-- PROBLEM DETAILS --
Everything in the entries below should be restated exactly, except for the pictures.

-- TASK DATA --

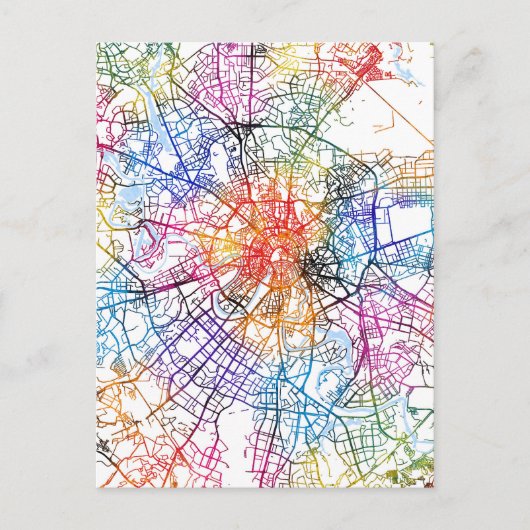 Moscow Russia City Map ポストカード (正面)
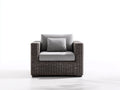 Polyrattan Gartensessel-Polyrattan-Holz-Textil-96x88x76 cm-Dunkelgrau-Grau-Moderner Terrassenstil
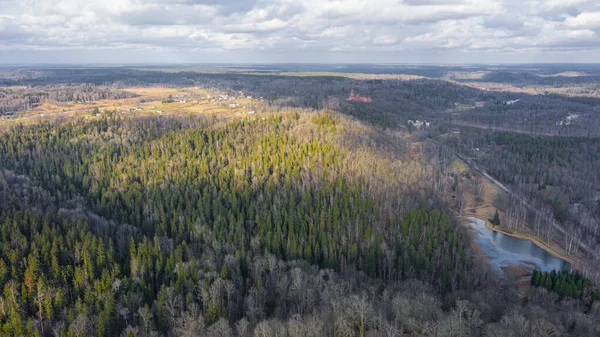 Красивая Панорамная Фотография Беспилотника Над Сигулдой Солнечный Зимний День Снега — стоковое фото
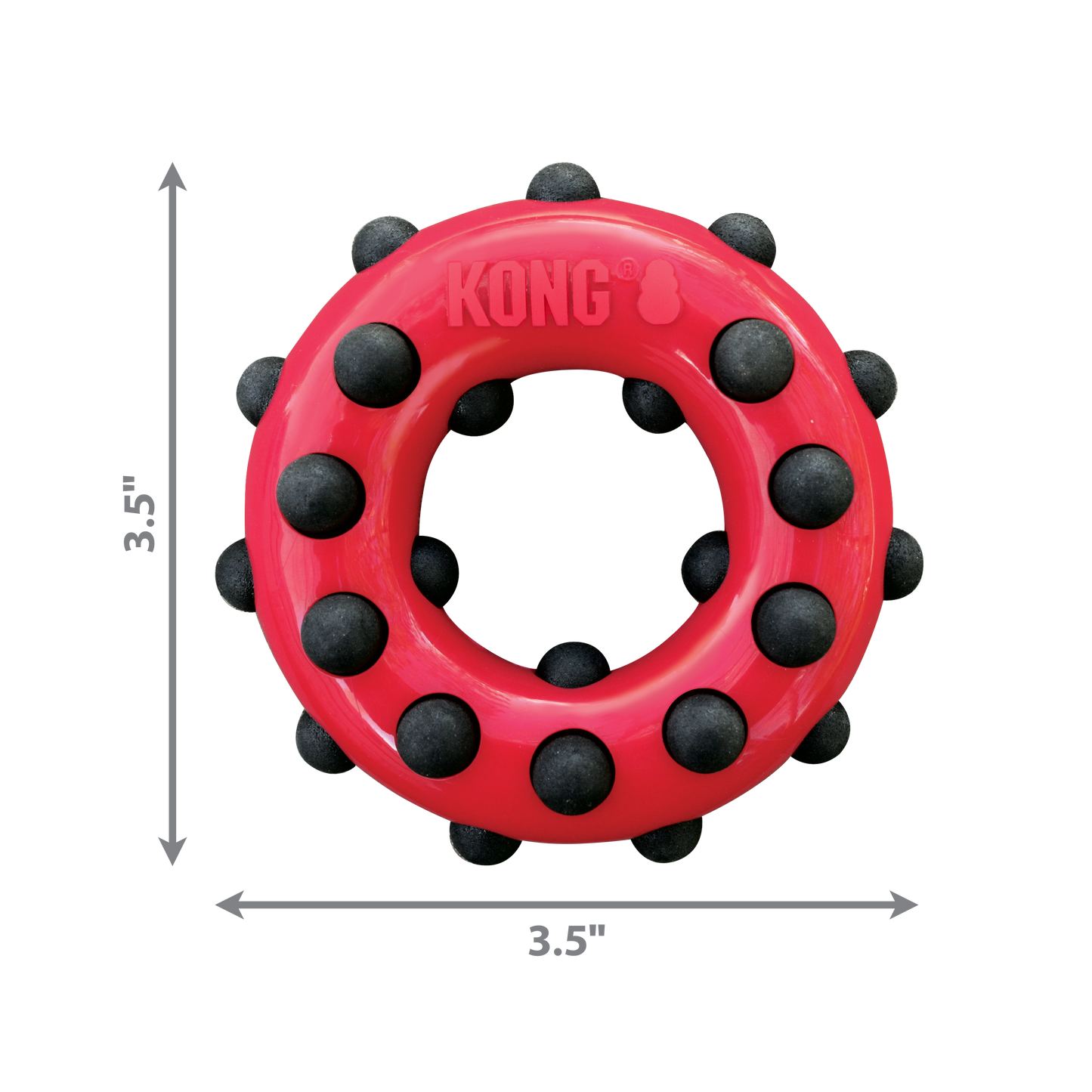 Red KONG dog toy with black beads and measurements on a white background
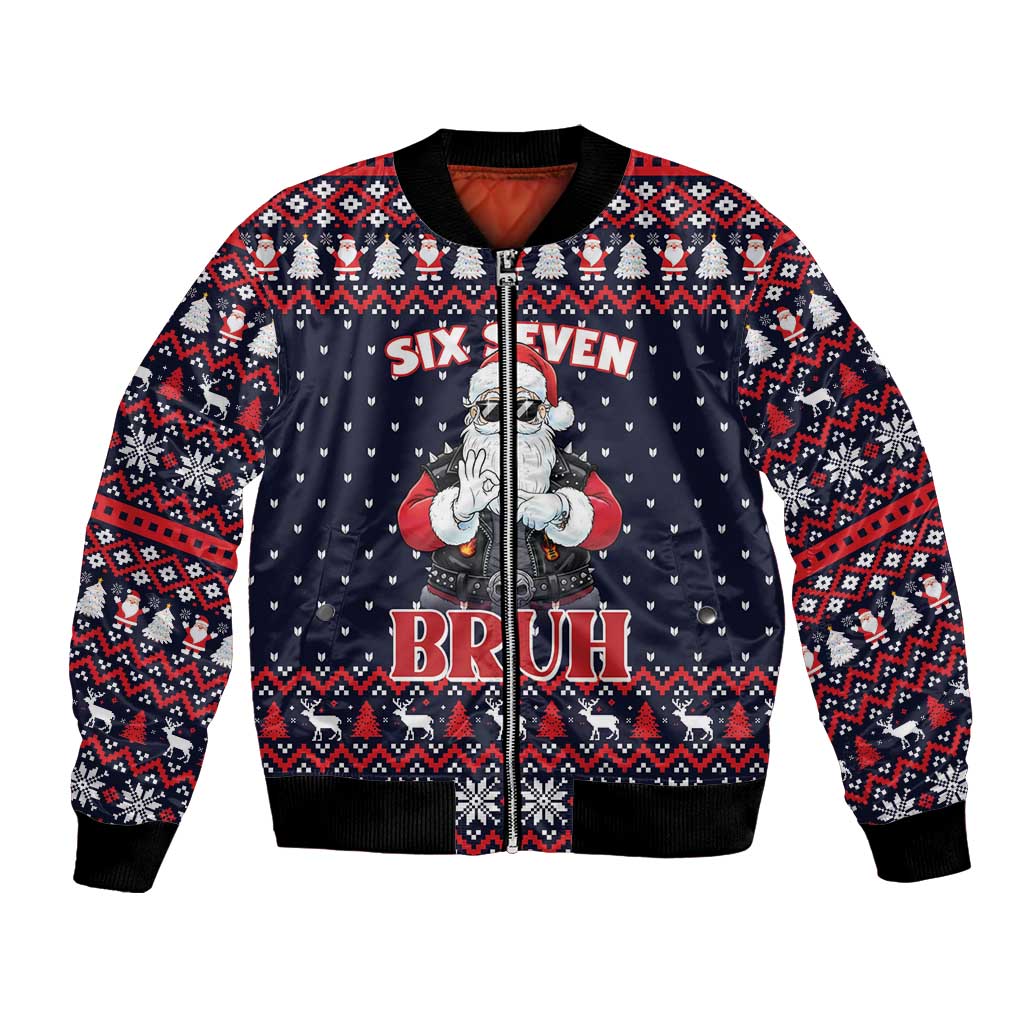 Funny Santa Six Seven Bruh Christmas Bomber Jacket Meme Gen Alpha Slang - Wonder Print Shop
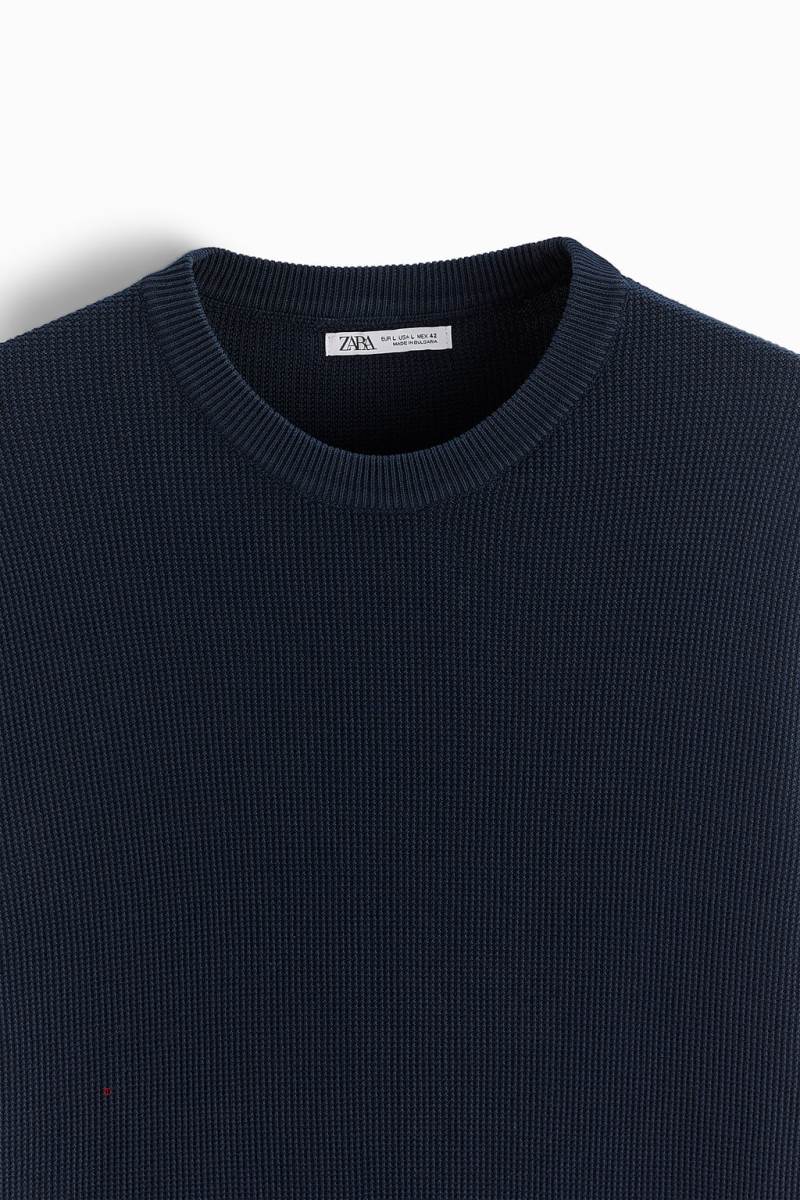 ZARA TEXTURED Tröjor Herr Marinblå Blå | ZOXSF-1653
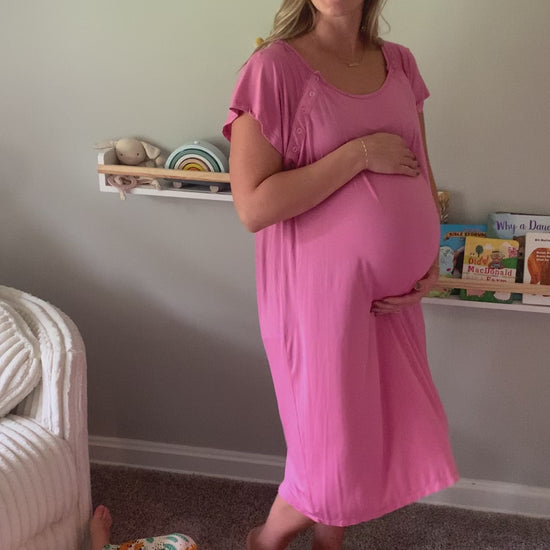 Rose Pink Three Little Tots Labor and Delivery Hospital Gown  for nursing as well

-- ANSWER SPACE --
 Moscow Russia City Map ポストカード (正面)
 Polyrattan Gartensessel-Polyrattan-Holz-Textil-96x88x76 cm-Dunkelgrau-Grau-Moderner Terrassenstil
 Красивая Панорамная Фотография Беспилотника Над Сигулдой Солнечный Зимний День Снега — стоковое фото
 Red KONG dog toy with black beads and measurements on a white background
 Funny Santa Six Seven Bruh Christmas Bomber Jacket Meme Gen Alpha Slang - Wonder Print Shop
 ZARA TEXTURED Tröjor Herr Marinblå Blå | ZOXSF-1653
 Rose Pink Three Little Tots Labor and Delivery Hospital Gown  for nursing as well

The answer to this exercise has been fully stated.